A direção do Chega, formada inicialmente por pastores evangélicos portugueses, hoje está mais ligada a correntes católicas ultraconservadoras, como a Opus Dei e o movimento Comunhão e Libertação. O perfil do eleitorado brasileiro que vota no partido, aponta Carvalho, é predominantemente de cristãos conservadores, embora haja também evangélicos em suas fileiras.

“O Chega sempre foi bastante atrativo para uma parte dos imigrantes brasileiros, sobretudo cristãos, que se reconhecem no discurso de André Ventura e continua a atrair muitos brasileiros conservadores, cristãos, e que, mesmo sendo eles próprios imigrantes, consideram que o partido faz muito bem em colocar limites à imigração. Há setores evangélicos que continuam se identificando com o partido e até pastores que, nos próprios cultos, apelam ao voto no Chega, mas o peso dessa corrente na direção do Chega está hoje bastante reduzido.”

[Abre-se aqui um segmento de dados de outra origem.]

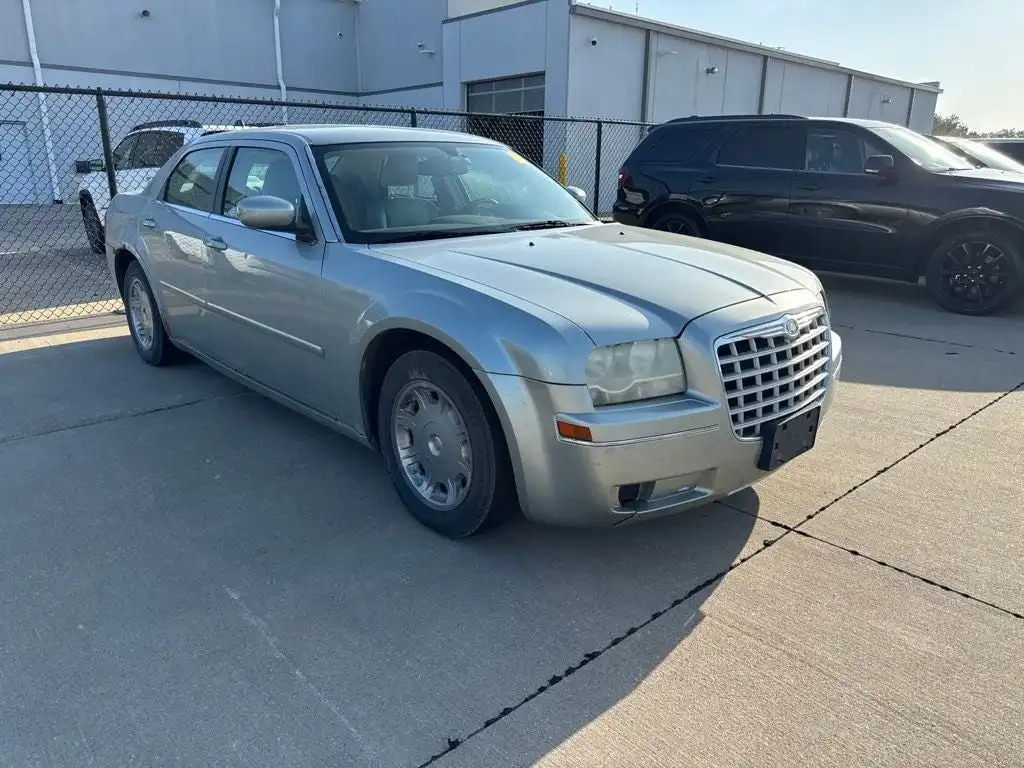 2006 Chrysler 300 Touring's photo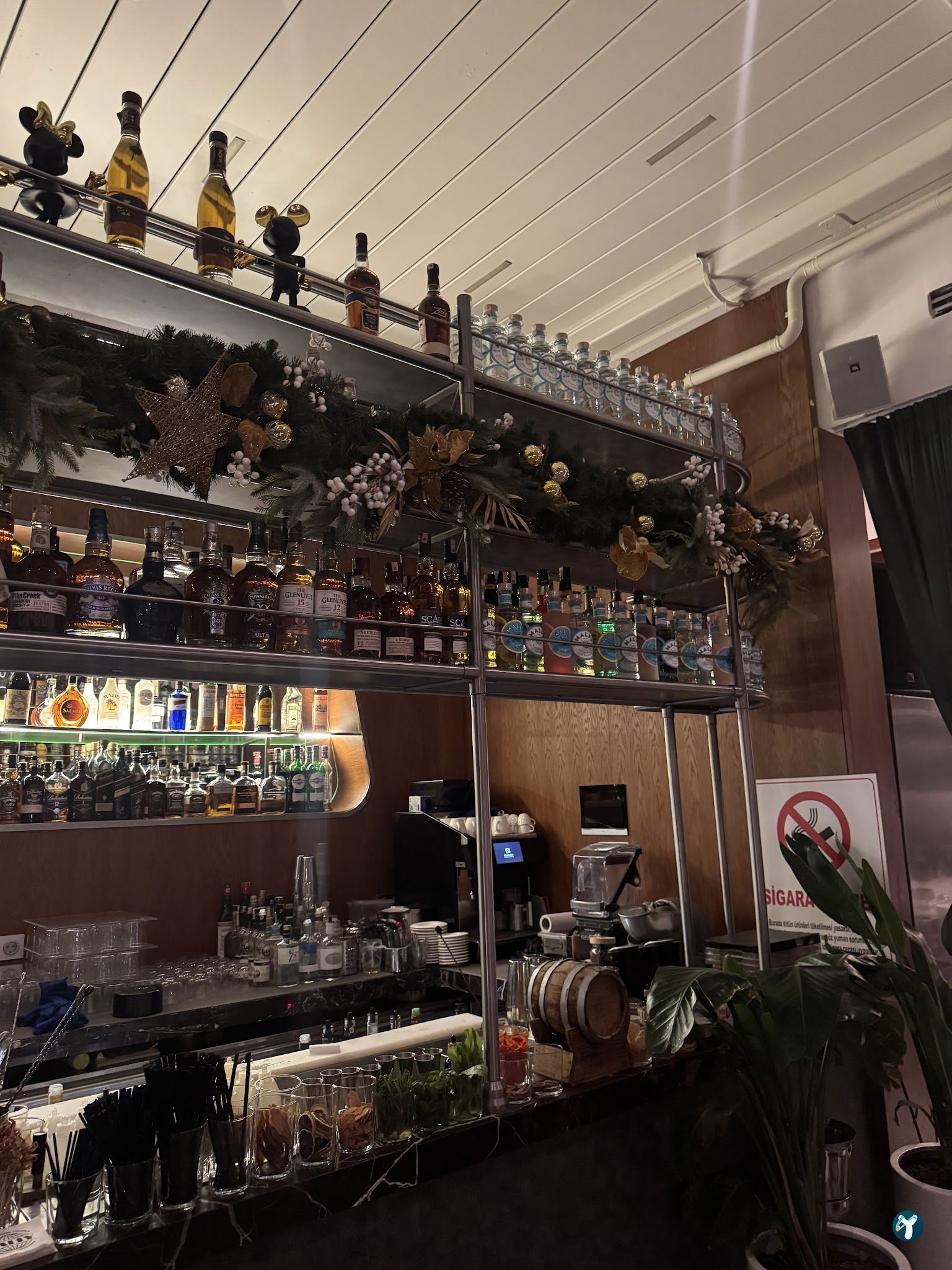 Pally - Restoran & Kokteyl Bar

Crescimento da extrema-direita em Portugal 

Apesar do grande avanço eleitoral da extrema direita nessas eleições, Miguel Carvalho considera que sua base eleitoral é heterogênea, e a adesão ao partido “tem muito mais de ressentimento, frustração e sentimento de abandono do que de adesão ideológica”. A popularidade do Chega, ele avalia, está relacionada à uma crise na imprensa tradicional portuguesa, onde os principais jornais do país, como o Diário de Notícias em Lisboa, enfrentaram greves nas redações pela falta de pagamento aos trabalhadores.

“A crise do jornalismo, no sentido em que faltam, como nunca, recursos humanos, técnicos e financeiros para um escrutínio público continuado e detalhado das contradições e da ameaça que representa um partido como o Chega, deixa a informação à mercê do ‘pingue-pongue’ entre declaração e contra-declaração, que não esclarece nada nem aprofunda, mas tem poucos custos e só favorece que ganha com o ruído.”